Future plans include adding on handling of interactions for Factorial ANOVAs.

anovaFixer

The anovaFixer function will return a data frame for use in a kable call that adjusted denominators for mixed effect models. I’m currently pondering whether to retire this function.

block.RelEff

The block.RelEff function takes three arguments, all required: aov.obj, blockName, trtName. The aov.obj should be the output of the function aov in R using a formula that contains a block term. The blockName should be a string identifying the column name of the block, and trtName should be a string identifying the column name for the treatment.

The block.RelEff will return a string giving the relative efficiency of the randomized complete block design used when compared to a complete randomized design. A relative efficiency of x means that we would need x times as many measurement units per treatment level as what we used in the RCB design to produce the same level of information.

hodgesLehmann

The hodgesLehmann function takes two vectors of values, x and y, and calculates the value of Hodges-Lehman equation.

kw.PostHoc

The kw.PostHoc function takes two arguments, both required: x, and g. The x argument should be the response vector and g a vector of group membership (i.e., the factor).

The kw.PostHoc function returns a data frame of effect sizes that can be formatted by another function (e.g., knitr::kable) consisting of the following columns: Pair , Hodges-Lehmann equation, and the Probability of Superiority.

probSup

The probSup function takes a Cohen’s d value as the input and returns the Probability of Superiority, via equation

pvalRound

The pvalRound function looks at a value (particularly p-values) and if the value is less than a given values (0.0001 be default) will return the character string “< 0.0001”, otherwise will return the value rounded to four decimal places. This is to help limit instances were rounding make p-values look like zero. The argument digits, which defaults to 4, controls the comparison value, i.e., 1*10^(-1*digits) and the rounnding.

sphericityPlot (under development)

The sphericityPlot provides a scatter plot of the pairwise differences of the treatments for each subject in a Within Subjects Repeated Measures design.

dscfTest

The dscfTest is a function of two vectors, both required: response containing the response values and factor containing the levels of the factor. The two vectors should be in the same order. This function is a wrapper for NSM3::pSDCFlig function for doing the Steel-Dwass-Critchlow-Fligner post hoc test in a One-way nonparametric setting.

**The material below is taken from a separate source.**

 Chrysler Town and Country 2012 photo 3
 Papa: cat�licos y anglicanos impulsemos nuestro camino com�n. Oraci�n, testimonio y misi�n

This will return a data frame ready for kable consisting of the comparisons and their (adjusted) p-values.

anovaScreens

The anovaScreens function takes a data frame (via dataFrame) and two strings (via response and factor) to apply the screens idea and returns a data frame with the new screen columns. Error checking is done on the two string arguments to ensure that they 1) are just a single character string, and 2) are found in the names of the supplied data frame. Currently, anovaScreens only works for Oneway ANOVA models.

Private Functions

As of 3/30/2021, there is one private function which acts as a helper function: .strsplitN.

.strsplitN

The .strsplitN function splits strings generated by dunn.test::dunn.test on the “-“ and returns Nth word.

Shadowgram (under development)

The shadowgram function is under development. The goal is the bring the shadowgram from JMP to R via ggplot2. While the current code functions, there is still more work to be done to fine tune the function.

You can access this function through the following means

source("https://raw.github.com/neilhatfield/STAT461/master/rScripts/shadowgram.R")

# Example usage
shadowgram(
  dataVec = oreoData$Filling.Mass,
  label = "Filling mass (g)",
  layers = 60,
  aStep = 4,
  color = "blue"
)

Example Code (archive)

This sub-directory is acting as an archive of individual R files that served as example code for Spring 2020.

learnrTutorials

This sub-directory is where I’m working on creating some learnr based tutorials for STAT 461. They are in rather incomplete states.

writingReports

This is a new (as of Spring 2022) directory where I’m placing materials related to helping students write reports of their results in the ANOVA context.